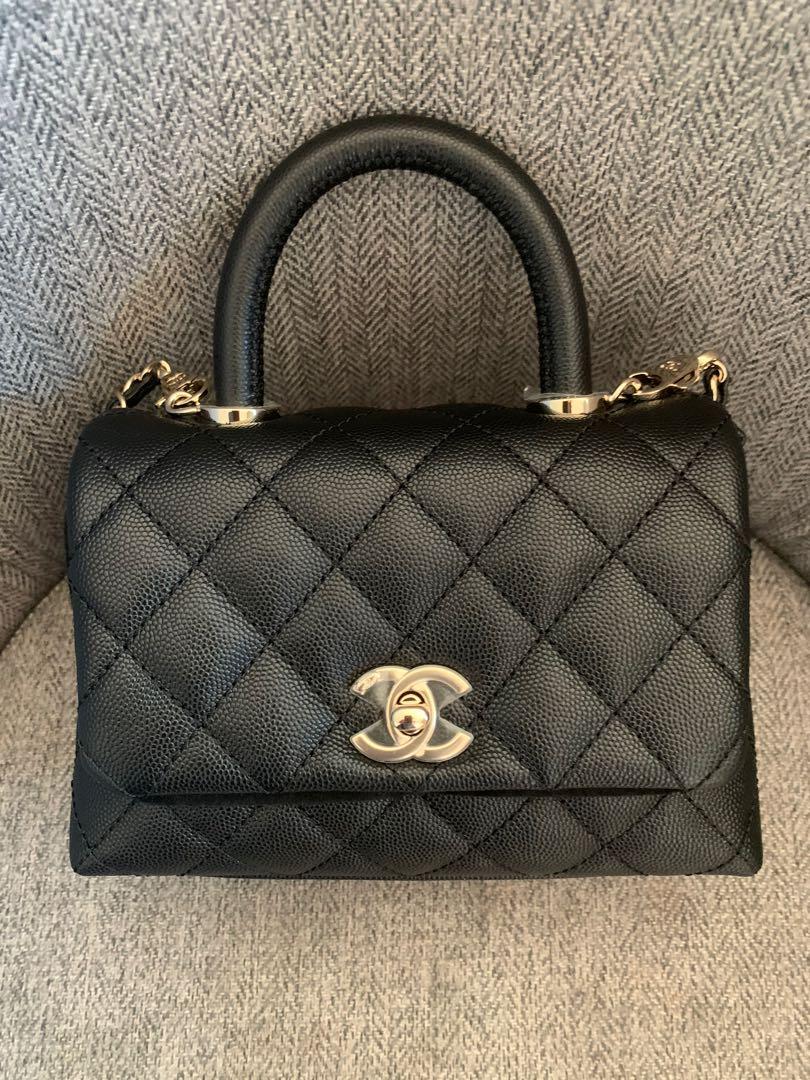 BNIB chanel coco handle extra mini, Luxury, Bags & Wallets on Carousell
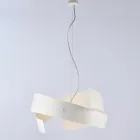 Lampadario in metallo e vetro nero per arredare ambienti moderni – Asteroide Viadurini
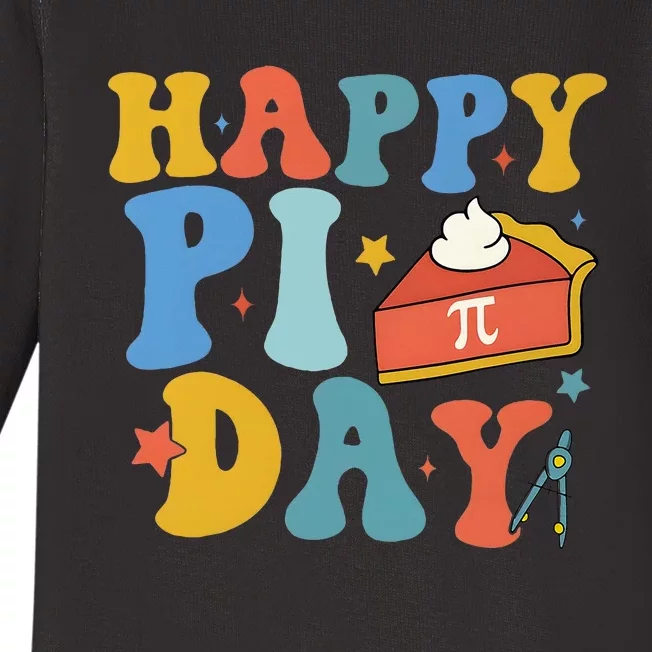 3.14 PI Day Pie Day Pi Symbol For Math Lovers Baby Long Sleeve Bodysuit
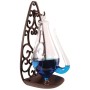 Esschert Design Glasbarometer mit Eisenständer 0,5 L TH31 von , Vorhersagen und Wetterstationen - Ref: Foro24-411491, Preis: ...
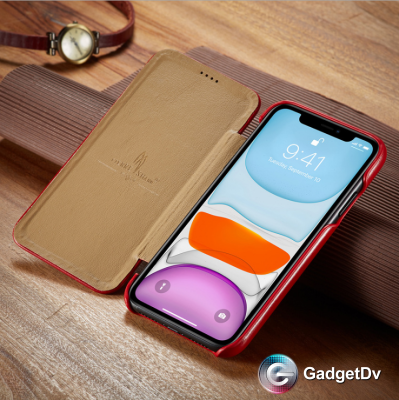 60814 Чехол-книжка iPhone 12 Pro Max, кожа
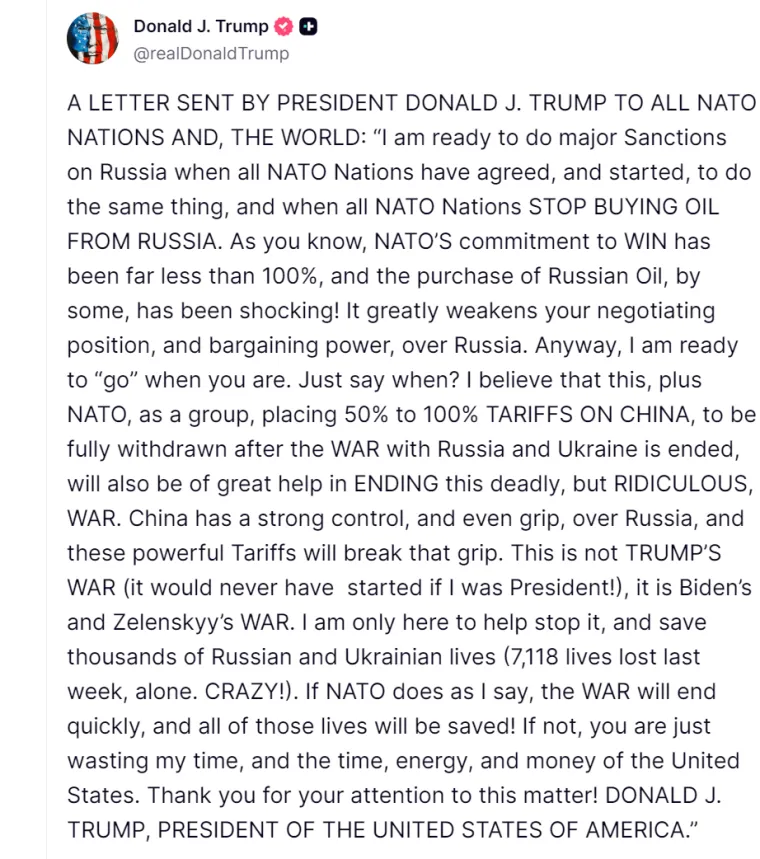 Trump objavio dramatično pismo svijetu i NATO-u: 'Spreman sam krenuti - samo recite kad?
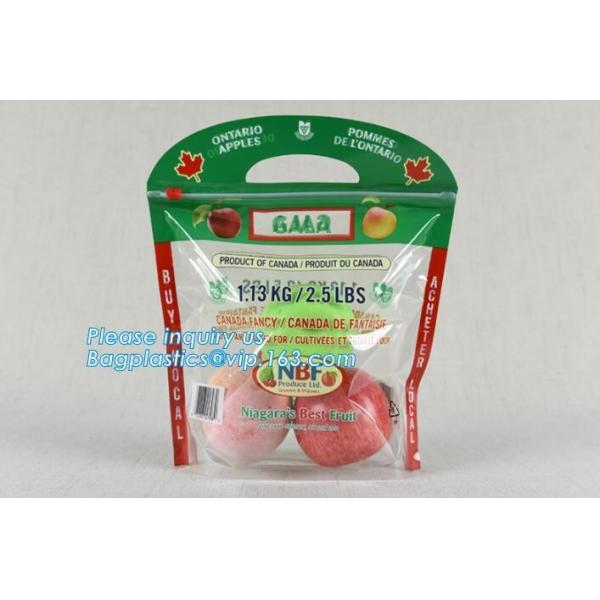 resealable stand up pouch slider zipper fresh fruit/vegetable protection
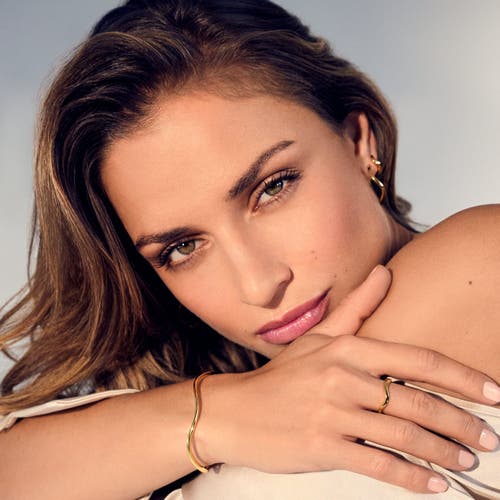 Sif Jakobs Jewellery Ring Ellera Waves Pianura In Gold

---*---

[Task to carry out] In the answer, the entries should be restated verbatim, with all pictures omitted.

[Written reply]
 BNIB chanel coco handle extra mini, Luxury, Bags & Wallets on Carousell
 Lampadario in metallo e vetro nero per arredare ambienti moderni – Asteroide Viadurini
 3.14 PI Day Pie Day Pi Symbol For Math Lovers Baby Long Sleeve Bodysuit
 Esschert Design Glasbarometer mit Eisenständer 0,5 L TH31 von , Vorhersagen und Wetterstationen - Ref: Foro24-411491, Preis: ...
 60814 Чехол-книжка iPhone 12 Pro Max, кожа
 Trump objavio dramatično pismo svijetu i NATO-u: 'Spreman sam krenuti - samo recite kad?
 resealable stand up pouch slider zipper fresh fruit/vegetable protection
 Sif Jakobs Jewellery Ring Ellera Waves Pianura In Gold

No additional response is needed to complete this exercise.